There is usually one technical concept sitting quietly on your mental backlog. You may have bookmarked articles about it, saved a course or watched someone else build it, without ever finding a strong enough reason to tackle it yourself.

For me, that was building a REST API end to end.

It was not something I had avoided because it felt beyond me. I simply had not needed to do it in my day-to-day work. My professional experience had given me depth in other areas, while APIs, databases and authentication sat slightly outside the work I normally owned. That made the gap easy to leave alone.

I wanted to close it because I did not want my experience to become too narrow.
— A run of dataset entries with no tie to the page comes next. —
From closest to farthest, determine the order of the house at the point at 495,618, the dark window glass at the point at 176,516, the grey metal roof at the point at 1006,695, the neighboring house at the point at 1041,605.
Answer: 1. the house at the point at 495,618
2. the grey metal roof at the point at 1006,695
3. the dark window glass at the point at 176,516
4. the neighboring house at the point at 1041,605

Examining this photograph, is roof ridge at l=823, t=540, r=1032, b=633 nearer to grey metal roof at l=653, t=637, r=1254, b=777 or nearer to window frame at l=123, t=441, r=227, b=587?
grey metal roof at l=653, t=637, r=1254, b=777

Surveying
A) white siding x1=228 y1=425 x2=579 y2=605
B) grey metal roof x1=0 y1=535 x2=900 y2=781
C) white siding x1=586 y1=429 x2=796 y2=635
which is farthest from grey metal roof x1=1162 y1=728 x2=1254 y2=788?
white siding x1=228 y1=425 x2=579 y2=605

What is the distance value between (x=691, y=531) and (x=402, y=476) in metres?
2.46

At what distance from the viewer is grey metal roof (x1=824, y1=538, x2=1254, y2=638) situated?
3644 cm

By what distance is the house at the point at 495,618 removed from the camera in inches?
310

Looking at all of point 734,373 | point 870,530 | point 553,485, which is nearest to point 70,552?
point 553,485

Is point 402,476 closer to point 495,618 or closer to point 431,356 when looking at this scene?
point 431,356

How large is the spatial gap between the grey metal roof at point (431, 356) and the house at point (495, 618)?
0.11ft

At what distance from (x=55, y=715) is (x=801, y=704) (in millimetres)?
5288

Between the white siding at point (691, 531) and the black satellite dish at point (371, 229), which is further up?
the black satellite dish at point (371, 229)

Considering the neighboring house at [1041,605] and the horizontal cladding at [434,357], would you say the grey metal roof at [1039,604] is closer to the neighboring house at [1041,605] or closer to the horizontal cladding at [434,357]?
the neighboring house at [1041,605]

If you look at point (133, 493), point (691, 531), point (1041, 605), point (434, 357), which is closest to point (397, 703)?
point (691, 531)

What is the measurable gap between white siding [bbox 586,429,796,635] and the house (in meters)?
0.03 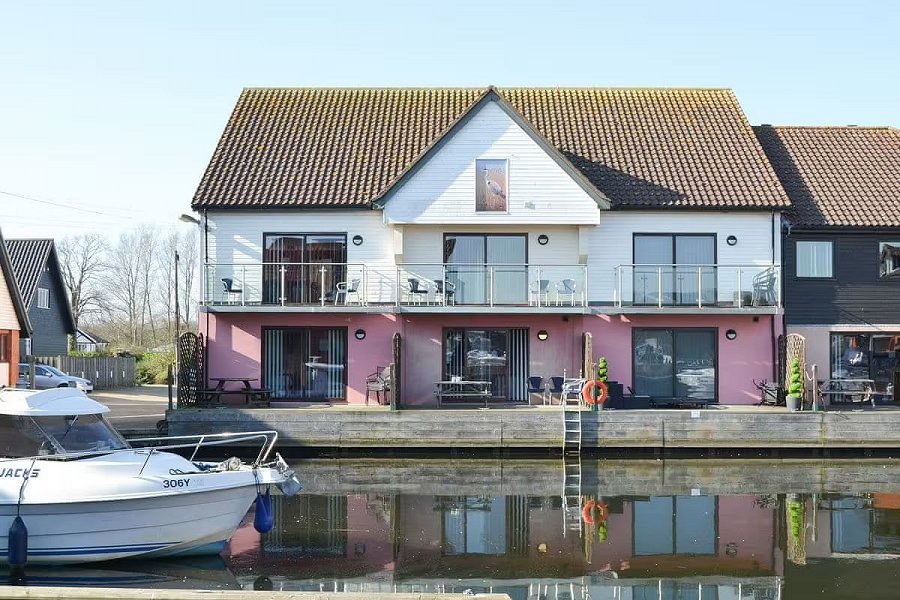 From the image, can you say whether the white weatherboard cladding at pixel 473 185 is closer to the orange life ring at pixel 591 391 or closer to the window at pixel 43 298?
the orange life ring at pixel 591 391

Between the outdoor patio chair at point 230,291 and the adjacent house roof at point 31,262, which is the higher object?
the adjacent house roof at point 31,262

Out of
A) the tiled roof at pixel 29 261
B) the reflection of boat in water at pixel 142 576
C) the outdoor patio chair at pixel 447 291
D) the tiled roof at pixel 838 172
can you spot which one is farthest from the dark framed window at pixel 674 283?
→ the tiled roof at pixel 29 261

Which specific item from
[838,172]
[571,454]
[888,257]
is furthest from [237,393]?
[838,172]

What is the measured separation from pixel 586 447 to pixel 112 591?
15.6 m

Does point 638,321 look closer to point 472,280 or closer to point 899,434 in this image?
point 472,280

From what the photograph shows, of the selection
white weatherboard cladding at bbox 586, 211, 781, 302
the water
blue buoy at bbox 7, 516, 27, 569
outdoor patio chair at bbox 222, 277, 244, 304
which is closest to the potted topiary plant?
the water

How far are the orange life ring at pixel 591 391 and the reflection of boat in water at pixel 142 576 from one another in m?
12.3

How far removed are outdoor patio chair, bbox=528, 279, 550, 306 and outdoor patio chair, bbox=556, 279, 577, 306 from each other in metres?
0.26

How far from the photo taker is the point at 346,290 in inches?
1050

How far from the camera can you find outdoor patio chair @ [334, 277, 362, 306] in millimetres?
26578

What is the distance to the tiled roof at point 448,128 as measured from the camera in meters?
27.5

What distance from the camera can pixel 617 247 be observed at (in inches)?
1078

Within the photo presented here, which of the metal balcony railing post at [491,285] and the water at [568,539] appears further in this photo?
the metal balcony railing post at [491,285]

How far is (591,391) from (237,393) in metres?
8.88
Building the application was a chance to connect concepts I understood individually and become a more rounded engineer.

The gaps we can afford to ignore

Some gaps persist because they do not cause an immediate problem. If your current role does not require a particular technology or type of system, there is rarely any pressure to learn it properly. You can understand the broad concepts, follow technical discussions and still never have to connect the pieces yourself.

That was my position with REST APIs. I understood the individual ingredients, but I had never owned the complete journey from endpoint design and validation through to persistence, authentication and testing.

The gap was not holding me back in my current work. But closing it would broaden the kinds of systems I could understand and build.

Reading helps. Tutorials help. Documentation definitely helps. Eventually, though, learning becomes avoidance wearing sensible shoes.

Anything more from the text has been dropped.